*Records shown*:
§

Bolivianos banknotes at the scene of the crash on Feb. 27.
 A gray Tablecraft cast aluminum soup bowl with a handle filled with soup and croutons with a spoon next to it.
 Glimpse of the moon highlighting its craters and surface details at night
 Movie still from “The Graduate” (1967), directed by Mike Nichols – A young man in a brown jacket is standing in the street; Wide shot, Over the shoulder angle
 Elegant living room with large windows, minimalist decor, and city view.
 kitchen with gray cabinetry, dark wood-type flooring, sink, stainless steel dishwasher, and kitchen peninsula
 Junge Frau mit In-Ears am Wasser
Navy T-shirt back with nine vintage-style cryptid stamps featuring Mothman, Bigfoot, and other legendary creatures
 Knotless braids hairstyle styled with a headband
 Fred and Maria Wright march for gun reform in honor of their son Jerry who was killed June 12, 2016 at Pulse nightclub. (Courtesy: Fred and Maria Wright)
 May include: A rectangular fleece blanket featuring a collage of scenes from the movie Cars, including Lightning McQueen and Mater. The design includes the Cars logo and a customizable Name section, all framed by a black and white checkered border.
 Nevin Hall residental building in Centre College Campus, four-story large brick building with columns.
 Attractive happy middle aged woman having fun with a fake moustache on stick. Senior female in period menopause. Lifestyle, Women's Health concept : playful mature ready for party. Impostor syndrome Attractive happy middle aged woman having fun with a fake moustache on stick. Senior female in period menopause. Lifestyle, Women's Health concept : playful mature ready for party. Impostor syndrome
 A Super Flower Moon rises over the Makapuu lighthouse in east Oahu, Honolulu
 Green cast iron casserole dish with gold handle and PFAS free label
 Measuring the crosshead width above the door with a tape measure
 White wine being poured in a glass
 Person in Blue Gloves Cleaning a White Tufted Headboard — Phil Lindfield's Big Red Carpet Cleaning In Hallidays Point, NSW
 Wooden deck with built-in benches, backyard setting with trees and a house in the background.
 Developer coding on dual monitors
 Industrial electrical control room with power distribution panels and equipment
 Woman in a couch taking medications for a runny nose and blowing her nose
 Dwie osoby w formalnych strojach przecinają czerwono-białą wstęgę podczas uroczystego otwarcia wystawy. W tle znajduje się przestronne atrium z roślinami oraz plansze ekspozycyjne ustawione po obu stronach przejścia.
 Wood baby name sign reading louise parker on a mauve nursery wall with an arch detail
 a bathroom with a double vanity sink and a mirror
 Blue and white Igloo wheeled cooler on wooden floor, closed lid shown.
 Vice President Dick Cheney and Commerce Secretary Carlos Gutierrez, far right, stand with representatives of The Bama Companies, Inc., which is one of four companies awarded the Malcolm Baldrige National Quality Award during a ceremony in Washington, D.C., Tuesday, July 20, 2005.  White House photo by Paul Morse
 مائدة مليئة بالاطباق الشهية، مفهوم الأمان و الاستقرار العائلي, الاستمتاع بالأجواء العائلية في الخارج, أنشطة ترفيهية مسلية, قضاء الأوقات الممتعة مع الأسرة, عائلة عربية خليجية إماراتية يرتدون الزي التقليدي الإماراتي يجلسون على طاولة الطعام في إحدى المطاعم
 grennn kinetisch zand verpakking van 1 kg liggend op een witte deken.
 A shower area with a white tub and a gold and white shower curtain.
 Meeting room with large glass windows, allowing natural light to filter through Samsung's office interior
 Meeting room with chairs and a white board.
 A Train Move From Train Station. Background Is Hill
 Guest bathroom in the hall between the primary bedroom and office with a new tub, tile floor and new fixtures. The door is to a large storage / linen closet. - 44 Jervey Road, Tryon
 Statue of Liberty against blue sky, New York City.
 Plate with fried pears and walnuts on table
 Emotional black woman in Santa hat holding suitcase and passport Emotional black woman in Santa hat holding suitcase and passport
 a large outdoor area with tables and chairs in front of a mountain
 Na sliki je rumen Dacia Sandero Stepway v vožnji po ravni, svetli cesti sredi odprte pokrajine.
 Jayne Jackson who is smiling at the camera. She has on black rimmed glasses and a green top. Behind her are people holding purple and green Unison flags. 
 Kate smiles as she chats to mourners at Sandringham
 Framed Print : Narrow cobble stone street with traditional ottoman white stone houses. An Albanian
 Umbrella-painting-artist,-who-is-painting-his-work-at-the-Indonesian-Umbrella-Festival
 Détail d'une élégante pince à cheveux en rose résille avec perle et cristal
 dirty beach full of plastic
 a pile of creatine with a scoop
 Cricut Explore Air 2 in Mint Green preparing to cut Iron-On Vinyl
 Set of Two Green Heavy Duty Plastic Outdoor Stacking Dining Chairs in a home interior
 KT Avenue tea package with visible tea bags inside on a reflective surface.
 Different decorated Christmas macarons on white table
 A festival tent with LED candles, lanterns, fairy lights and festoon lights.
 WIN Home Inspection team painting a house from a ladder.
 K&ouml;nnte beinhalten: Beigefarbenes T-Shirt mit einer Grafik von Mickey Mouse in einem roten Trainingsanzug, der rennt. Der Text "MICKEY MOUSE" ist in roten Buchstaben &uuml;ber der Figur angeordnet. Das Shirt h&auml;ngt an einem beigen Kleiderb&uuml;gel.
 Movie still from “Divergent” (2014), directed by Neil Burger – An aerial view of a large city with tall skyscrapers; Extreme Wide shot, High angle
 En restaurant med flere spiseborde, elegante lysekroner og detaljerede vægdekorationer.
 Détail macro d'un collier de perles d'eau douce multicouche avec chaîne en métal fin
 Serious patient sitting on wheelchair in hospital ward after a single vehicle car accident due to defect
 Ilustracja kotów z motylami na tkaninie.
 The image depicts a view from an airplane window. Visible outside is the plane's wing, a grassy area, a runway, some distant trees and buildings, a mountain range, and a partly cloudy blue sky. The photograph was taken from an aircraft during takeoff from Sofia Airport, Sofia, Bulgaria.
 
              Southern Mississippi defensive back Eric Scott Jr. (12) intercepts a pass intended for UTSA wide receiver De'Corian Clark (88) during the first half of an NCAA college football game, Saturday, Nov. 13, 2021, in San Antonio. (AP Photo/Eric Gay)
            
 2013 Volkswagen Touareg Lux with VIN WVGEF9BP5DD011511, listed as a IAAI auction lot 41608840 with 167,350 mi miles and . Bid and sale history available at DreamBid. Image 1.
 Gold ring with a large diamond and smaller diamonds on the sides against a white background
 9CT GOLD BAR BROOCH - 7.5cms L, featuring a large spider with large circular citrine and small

§

*What is being asked*: Please transcribe the data above without changes, from its first line to its "Impostor syndrome Attractive" line, and leave out anything past that.

*Task output*:
Bolivianos banknotes at the scene of the crash on Feb. 27.
 A gray Tablecraft cast aluminum soup bowl with a handle filled with soup and croutons with a spoon next to it.
 Glimpse of the moon highlighting its craters and surface details at night
 Movie still from “The Graduate” (1967), directed by Mike Nichols – A young man in a brown jacket is standing in the street; Wide shot, Over the shoulder angle
 Elegant living room with large windows, minimalist decor, and city view.
 kitchen with gray cabinetry, dark wood-type flooring, sink, stainless steel dishwasher, and kitchen peninsula
 Junge Frau mit In-Ears am Wasser
Navy T-shirt back with nine vintage-style cryptid stamps featuring Mothman, Bigfoot, and other legendary creatures
 Knotless braids hairstyle styled with a headband
 Fred and Maria Wright march for gun reform in honor of their son Jerry who was killed June 12, 2016 at Pulse nightclub. (Courtesy: Fred and Maria Wright)
 May include: A rectangular fleece blanket featuring a collage of scenes from the movie Cars, including Lightning McQueen and Mater. The design includes the Cars logo and a customizable Name section, all framed by a black and white checkered border.
 Nevin Hall residental building in Centre College Campus, four-story large brick building with columns.
 Attractive happy middle aged woman having fun with a fake moustache on stick. Senior female in period menopause. Lifestyle, Women's Health concept : playful mature ready for party. Impostor syndrome Attractive happy middle aged woman having fun with a fake moustache on stick. Senior female in period menopause. Lifestyle, Women's Health concept : playful mature ready for party. Impostor syndrome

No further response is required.